# Task goal:
Give an unaltered copy of the listing below, minus its pictures.

# Task input:
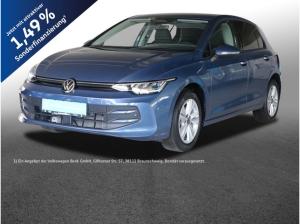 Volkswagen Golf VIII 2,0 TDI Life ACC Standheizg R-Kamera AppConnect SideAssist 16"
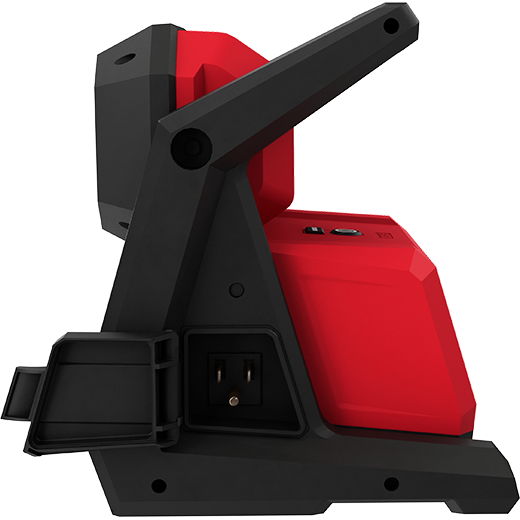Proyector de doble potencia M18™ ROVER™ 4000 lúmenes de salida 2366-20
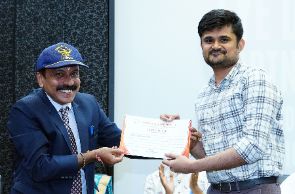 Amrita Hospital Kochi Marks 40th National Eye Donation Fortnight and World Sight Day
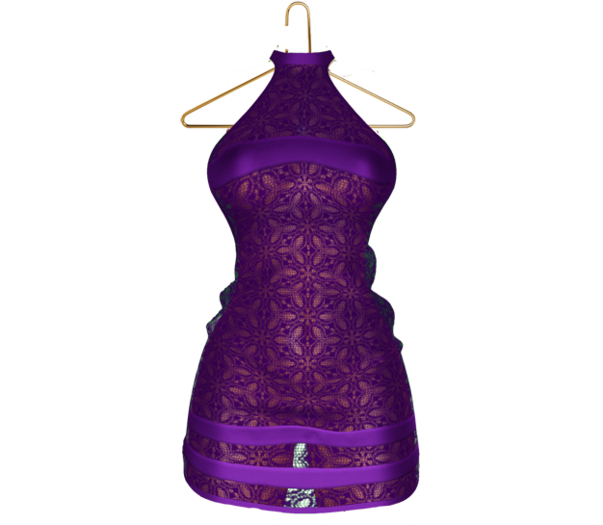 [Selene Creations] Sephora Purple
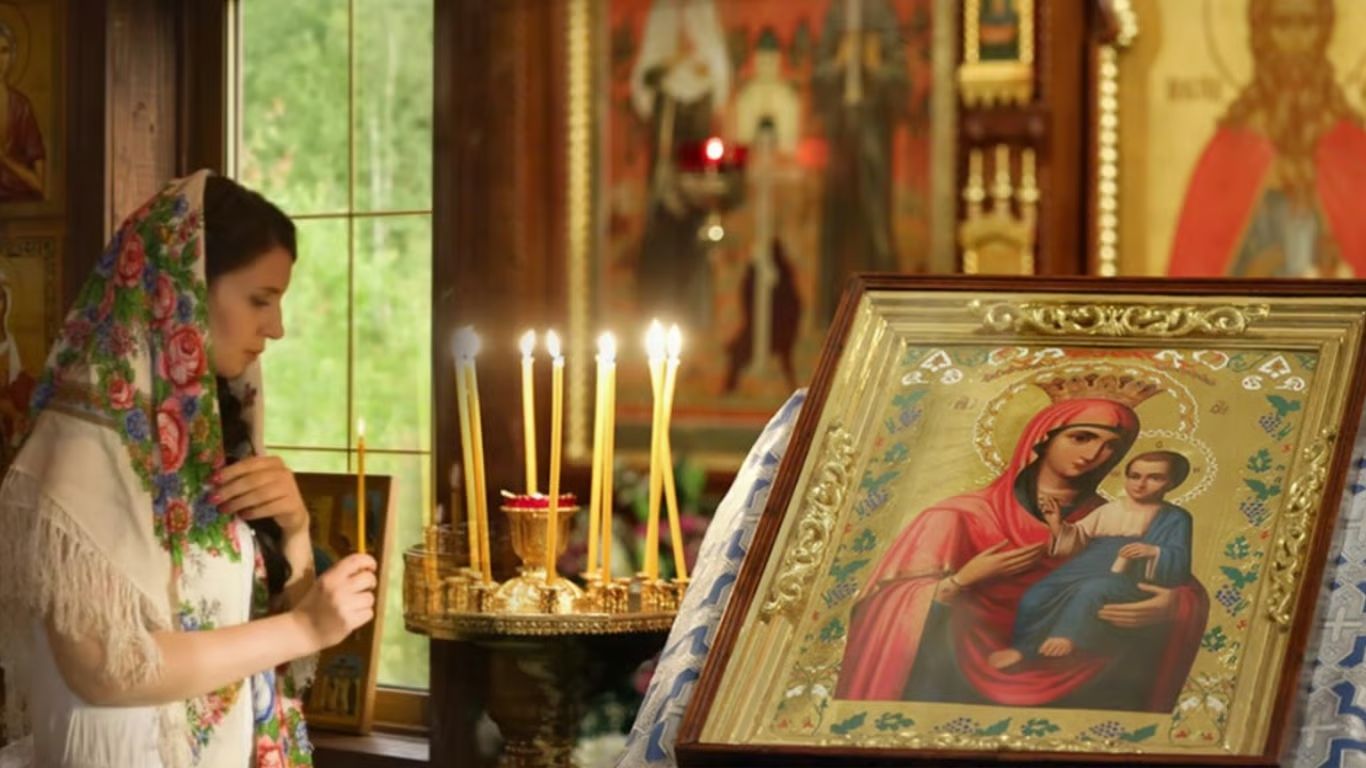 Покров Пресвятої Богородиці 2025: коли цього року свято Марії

# Solution to the problem:
 Volkswagen Golf VIII 2,0 TDI Life ACC Standheizg R-Kamera AppConnect SideAssist 16"
Proyector de doble potencia M18™ ROVER™ 4000 lúmenes de salida 2366-20
 Amrita Hospital Kochi Marks 40th National Eye Donation Fortnight and World Sight Day
 [Selene Creations] Sephora Purple
 Покров Пресвятої Богородиці 2025: коли цього року свято Марії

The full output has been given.